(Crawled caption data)
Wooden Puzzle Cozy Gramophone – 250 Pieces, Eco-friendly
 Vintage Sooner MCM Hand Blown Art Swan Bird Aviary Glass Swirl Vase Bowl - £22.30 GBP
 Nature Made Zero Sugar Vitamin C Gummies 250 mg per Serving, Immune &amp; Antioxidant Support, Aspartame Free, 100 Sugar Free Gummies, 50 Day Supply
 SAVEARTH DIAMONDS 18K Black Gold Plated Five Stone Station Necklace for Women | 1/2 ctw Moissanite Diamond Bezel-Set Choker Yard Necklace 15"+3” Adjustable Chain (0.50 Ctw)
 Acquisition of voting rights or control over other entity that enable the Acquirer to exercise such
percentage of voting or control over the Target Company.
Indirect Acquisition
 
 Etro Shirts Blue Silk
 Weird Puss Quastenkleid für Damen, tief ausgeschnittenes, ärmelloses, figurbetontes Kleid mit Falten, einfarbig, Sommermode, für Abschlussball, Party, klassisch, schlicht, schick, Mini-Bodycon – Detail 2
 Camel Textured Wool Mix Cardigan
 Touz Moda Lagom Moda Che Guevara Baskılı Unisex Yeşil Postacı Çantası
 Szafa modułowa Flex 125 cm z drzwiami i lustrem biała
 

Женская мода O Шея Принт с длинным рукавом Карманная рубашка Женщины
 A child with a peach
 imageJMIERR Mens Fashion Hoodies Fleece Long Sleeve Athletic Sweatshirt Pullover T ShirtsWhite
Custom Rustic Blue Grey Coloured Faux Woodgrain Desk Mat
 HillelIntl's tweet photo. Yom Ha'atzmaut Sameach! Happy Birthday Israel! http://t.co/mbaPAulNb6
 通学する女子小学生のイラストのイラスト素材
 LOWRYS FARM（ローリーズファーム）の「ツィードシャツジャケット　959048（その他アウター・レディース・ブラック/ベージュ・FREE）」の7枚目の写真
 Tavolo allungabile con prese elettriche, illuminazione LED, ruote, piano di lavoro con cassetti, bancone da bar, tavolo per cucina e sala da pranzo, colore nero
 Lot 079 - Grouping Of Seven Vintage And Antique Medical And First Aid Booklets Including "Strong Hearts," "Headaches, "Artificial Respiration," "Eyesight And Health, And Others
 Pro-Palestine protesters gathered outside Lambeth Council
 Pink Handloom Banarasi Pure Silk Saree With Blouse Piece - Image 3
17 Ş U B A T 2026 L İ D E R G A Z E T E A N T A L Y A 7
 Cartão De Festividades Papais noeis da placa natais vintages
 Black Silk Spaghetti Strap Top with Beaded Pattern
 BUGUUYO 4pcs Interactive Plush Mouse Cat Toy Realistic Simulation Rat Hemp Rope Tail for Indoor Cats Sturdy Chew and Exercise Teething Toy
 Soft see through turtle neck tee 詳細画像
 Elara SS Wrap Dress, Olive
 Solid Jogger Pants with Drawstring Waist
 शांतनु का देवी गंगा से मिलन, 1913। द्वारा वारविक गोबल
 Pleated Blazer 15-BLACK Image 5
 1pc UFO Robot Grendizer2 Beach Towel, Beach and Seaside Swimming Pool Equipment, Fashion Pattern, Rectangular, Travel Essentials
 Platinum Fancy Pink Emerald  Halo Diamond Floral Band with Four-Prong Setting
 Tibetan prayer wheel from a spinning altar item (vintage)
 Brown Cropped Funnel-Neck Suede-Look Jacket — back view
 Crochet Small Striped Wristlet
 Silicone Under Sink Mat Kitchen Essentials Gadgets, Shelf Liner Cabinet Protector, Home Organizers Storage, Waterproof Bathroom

** DIRECTIONS **
Taking the entries above, please repeat each one exactly.

** RESULT **
Wooden Puzzle Cozy Gramophone – 250 Pieces, Eco-friendly
 Vintage Sooner MCM Hand Blown Art Swan Bird Aviary Glass Swirl Vase Bowl - £22.30 GBP
 Nature Made Zero Sugar Vitamin C Gummies 250 mg per Serving, Immune &amp; Antioxidant Support, Aspartame Free, 100 Sugar Free Gummies, 50 Day Supply
 SAVEARTH DIAMONDS 18K Black Gold Plated Five Stone Station Necklace for Women | 1/2 ctw Moissanite Diamond Bezel-Set Choker Yard Necklace 15"+3” Adjustable Chain (0.50 Ctw)
 Acquisition of voting rights or control over other entity that enable the Acquirer to exercise such
percentage of voting or control over the Target Company.
Indirect Acquisition
 
 Etro Shirts Blue Silk
 Weird Puss Quastenkleid für Damen, tief ausgeschnittenes, ärmelloses, figurbetontes Kleid mit Falten, einfarbig, Sommermode, für Abschlussball, Party, klassisch, schlicht, schick, Mini-Bodycon – Detail 2
 Camel Textured Wool Mix Cardigan
 Touz Moda Lagom Moda Che Guevara Baskılı Unisex Yeşil Postacı Çantası
 Szafa modułowa Flex 125 cm z drzwiami i lustrem biała
 

Женская мода O Шея Принт с длинным рукавом Карманная рубашка Женщины
 A child with a peach
 imageJMIERR Mens Fashion Hoodies Fleece Long Sleeve Athletic Sweatshirt Pullover T ShirtsWhite
Custom Rustic Blue Grey Coloured Faux Woodgrain Desk Mat
 HillelIntl's tweet photo. Yom Ha'atzmaut Sameach! Happy Birthday Israel! http://t.co/mbaPAulNb6
 通学する女子小学生のイラストのイラスト素材
 LOWRYS FARM（ローリーズファーム）の「ツィードシャツジャケット　959048（その他アウター・レディース・ブラック/ベージュ・FREE）」の7枚目の写真
 Tavolo allungabile con prese elettriche, illuminazione LED, ruote, piano di lavoro con cassetti, bancone da bar, tavolo per cucina e sala da pranzo, colore nero
 Lot 079 - Grouping Of Seven Vintage And Antique Medical And First Aid Booklets Including "Strong Hearts," "Headaches, "Artificial Respiration," "Eyesight And Health, And Others
 Pro-Palestine protesters gathered outside Lambeth Council
 Pink Handloom Banarasi Pure Silk Saree With Blouse Piece - Image 3
17 Ş U B A T 2026 L İ D E R G A Z E T E A N T A L Y A 7
 Cartão De Festividades Papais noeis da placa natais vintages
 Black Silk Spaghetti Strap Top with Beaded Pattern
 BUGUUYO 4pcs Interactive Plush Mouse Cat Toy Realistic Simulation Rat Hemp Rope Tail for Indoor Cats Sturdy Chew and Exercise Teething Toy
 Soft see through turtle neck tee 詳細画像
 Elara SS Wrap Dress, Olive
 Solid Jogger Pants with Drawstring Waist
 शांतनु का देवी गंगा से मिलन, 1913। द्वारा वारविक गोबल
 Pleated Blazer 15-BLACK Image 5
 1pc UFO Robot Grendizer2 Beach Towel, Beach and Seaside Swimming Pool Equipment, Fashion Pattern, Rectangular, Travel Essentials
 Platinum Fancy Pink Emerald  Halo Diamond Floral Band with Four-Prong Setting
 Tibetan prayer wheel from a spinning altar item (vintage)
 Brown Cropped Funnel-Neck Suede-Look Jacket — back view
 Crochet Small Striped Wristlet
 Silicone Under Sink Mat Kitchen Essentials Gadgets, Shelf Liner Cabinet Protector, Home Organizers Storage, Waterproof Bathroom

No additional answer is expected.